Although the foregoing disclosure has been described in some detail by way of illustration and example for purposes of clarity and understanding, it will be apparent to one of ordinary skill in the art from a reading of this disclosure that various changes in form and detail may be made therein without departing from the true scope of the disclosure and may be practiced within the scope of the appended claims. For example, all of the methods, systems, computer readable media and/or component features, steps, elements or other aspects may be used in various combinations.

All patents, patent applications, websites, other publications or documents, accession numbers, and the like cited herein are incorporated by reference in their entirety for all purposes to the same extent as if each individual item was specifically and individually indicated to be so incorporated by reference. If different versions of a sequence are associated with an accession number at different times, then that version is meant to be associated with the accession number on the effective date of application of the present application. The effective date means the earlier of the actual date or the date of the priority application referring to the accession number, if applicable. Also, if different versions of a publication, web site, etc. are released at different times, that is, the most recently released version on the effective date of application of the present application is meant unless otherwise indicated.

Claims

1. A method for detecting the presence or absence of contamination of a first sample by a second sample, the method comprising:

(a) sequencing a collection of polynucleotides from the first sample and the second sample to generate more than one sequencing read;

(b) aligning the more than one sequencing reads with a reference sequence, thereby determining a start region and an end region of the alignment, wherein the start region includes a genomic start position of the sequencing read, at which the 5' end of the sequencing read is determined to start the alignment with the reference sequence, and the end region includes a genomic stop position of the sequencing read, at which the 3' end of the sequencing read is determined to stop the alignment with the reference sequence;

(c) for each sample, grouping the more than one sequencing reads into more than one family based on a grouping feature, the grouping feature comprising at least one of (i) the start region, (ii) the end region, and (iii) the length of the polynucleotide, wherein each family in the first sample and the second sample comprises sequencing reads of progeny polynucleotides amplified from a unique polynucleotide in the set of polynucleotides in the first sample and the second sample;

(d) generating family identifiers for the more than one families;

(e) screening a set of common family identifiers, wherein a given common family identifier is a family identifier of the first sample that is identical or at least 95% identical to a family identifier of the second sample;

(f) determining a quantitative measure of the set of consensus family identifiers, wherein the quantitative measure comprises one or more of:

the number of common family identifiers in the first sample,

the ratio of the number of common family identifiers in the first sample to the total number of family identifiers in the first sample,

excluding the following consensus family identifiers in the first sample: those consensus family identifiers whose number of sequencing reads in the family of the first sample is greater than the number of sequencing reads in the corresponding family of the second sample, and

excluding common family identifiers at over-represented genomic start position and genomic end position pairs, wherein an over-represented genomic start position and genomic end position pair refers to a genomic start position and genomic end position pair in which the number or frequency of families sharing the genomic start position and genomic end position pair in more than one sample exceeds a set threshold; and

(g) classifying the first sample as being contaminated by the second sample if the quantitative measure of the set of shared family identifiers is above a predetermined threshold, or classifying the first sample as not being contaminated by the second sample if the quantitative measure of the set of shared family identifiers is at or below the predetermined threshold.
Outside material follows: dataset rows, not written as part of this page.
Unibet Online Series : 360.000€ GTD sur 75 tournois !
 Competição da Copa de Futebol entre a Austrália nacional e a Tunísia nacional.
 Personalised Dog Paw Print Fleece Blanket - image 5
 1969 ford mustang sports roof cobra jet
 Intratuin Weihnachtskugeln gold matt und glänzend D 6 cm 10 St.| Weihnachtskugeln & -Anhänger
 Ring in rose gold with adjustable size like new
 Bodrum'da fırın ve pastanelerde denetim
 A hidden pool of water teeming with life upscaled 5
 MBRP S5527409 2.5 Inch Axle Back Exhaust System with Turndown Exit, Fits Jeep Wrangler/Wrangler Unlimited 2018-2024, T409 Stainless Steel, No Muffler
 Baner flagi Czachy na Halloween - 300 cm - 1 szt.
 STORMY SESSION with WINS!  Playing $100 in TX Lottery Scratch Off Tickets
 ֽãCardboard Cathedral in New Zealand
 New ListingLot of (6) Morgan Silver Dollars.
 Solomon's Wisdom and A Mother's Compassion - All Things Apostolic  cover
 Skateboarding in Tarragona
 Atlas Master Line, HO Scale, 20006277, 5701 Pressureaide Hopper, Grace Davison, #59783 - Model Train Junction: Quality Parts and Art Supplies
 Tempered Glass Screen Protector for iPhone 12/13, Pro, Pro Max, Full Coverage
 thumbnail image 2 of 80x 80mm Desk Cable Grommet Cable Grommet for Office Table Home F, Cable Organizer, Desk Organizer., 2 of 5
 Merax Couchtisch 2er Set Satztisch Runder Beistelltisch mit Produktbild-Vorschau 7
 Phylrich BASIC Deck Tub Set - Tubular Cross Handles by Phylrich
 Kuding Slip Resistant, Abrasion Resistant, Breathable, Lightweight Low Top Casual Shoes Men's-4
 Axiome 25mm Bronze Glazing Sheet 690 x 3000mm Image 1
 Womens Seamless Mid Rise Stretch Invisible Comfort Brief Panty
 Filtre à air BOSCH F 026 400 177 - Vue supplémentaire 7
2. A method for detecting the presence or absence of contamination of a first sample by a second sample, the method comprising:

(a) accessing, by a computer system, sequence information comprising more than one sequencing read from the first sample and the second sample;

(b) aligning the more than one sequencing reads with a reference sequence by the computer system, thereby determining a start region and an end region of the alignment, wherein the start region includes a genomic start position of the sequencing read, at which the 5' end of the sequencing read is determined to start the alignment with the reference sequence, and the end region includes a genomic end position of the sequencing read, at which the 3' end of the sequencing read is determined to end the alignment with the reference sequence;

(c) for each sample, grouping, by the computer system, the more than one sequencing reads into more than one family based on a grouping feature, the grouping feature comprising at least one of (i) the start region, (ii) the end region, and (iii) the length of the polynucleotide, wherein each family in the first sample and the second sample comprises sequencing reads of progeny polynucleotides amplified from a unique polynucleotide in the set of polynucleotides in the first sample and the second sample;

(d) generating, by the computer system, family identifiers for the more than one family;

(e) screening a set of common family identifiers by the computer system, wherein a given common family identifier is a family identifier of the first sample that is identical or at least 95% identical to a family identifier of the second sample;

(f) determining, by the computer system, a quantitative measure of the set of consensus family identifiers, wherein the quantitative measure comprises one or more of:

the number of common family identifiers in the first sample,

(g) classifying, by the computer system, the first sample as being contaminated by the second sample if the quantitative measure of the set of shared family identifiers is above a predetermined threshold, or classifying, by the computer system, the first sample as being not contaminated by the second sample if the quantitative measure of the set of shared family identifiers is at or below the predetermined threshold.

3. The method according to any one of claims 1-2, further comprising, before (a), tagging the collection of polynucleotides to produce tagged polynucleotides, wherein each tagged polynucleotide comprises a tag and a polynucleotide.

4. A method according to claim 3, wherein for each sample, the more than one sequencing reads are grouped into more than one family based on grouping features, and the grouping features include at least one of the following (i), (ii), (iii) and (iv): (i) the tag, (ii) the starting region, (iii) the ending region and (iv) the length of the polynucleotide, wherein each family in the first sample and the second sample includes sequencing reads of progeny polynucleotides amplified from unique polynucleotides in the set of polynucleotides in the first sample and the second sample.

5. A method for detecting the presence or absence of contamination of a first sample by a second sample, the method comprising:

(a) sequencing a collection of tagged polynucleotides from the first sample and the second sample to generate more than one sequencing read, wherein each tagged polynucleotide comprises a tag and a polynucleotide;

(c) for each sample, grouping the more than one sequencing reads into more than one family based on a grouping feature that includes the tag, wherein each family in the first sample and the second sample includes sequencing reads of tagged progeny polynucleotides amplified from a unique polynucleotide in the set of tagged polynucleotides in the first sample and the second sample;

(d) generating family identifiers for the more than one families;

the number of common family identifiers in the first sample,

(g) classifying the first sample as being contaminated by the second sample if the quantitative measure of the common family identifier is above a predetermined threshold, or classifying the first sample as not being contaminated by the second sample if the quantitative measure of the set of common family identifiers is at or below the predetermined threshold.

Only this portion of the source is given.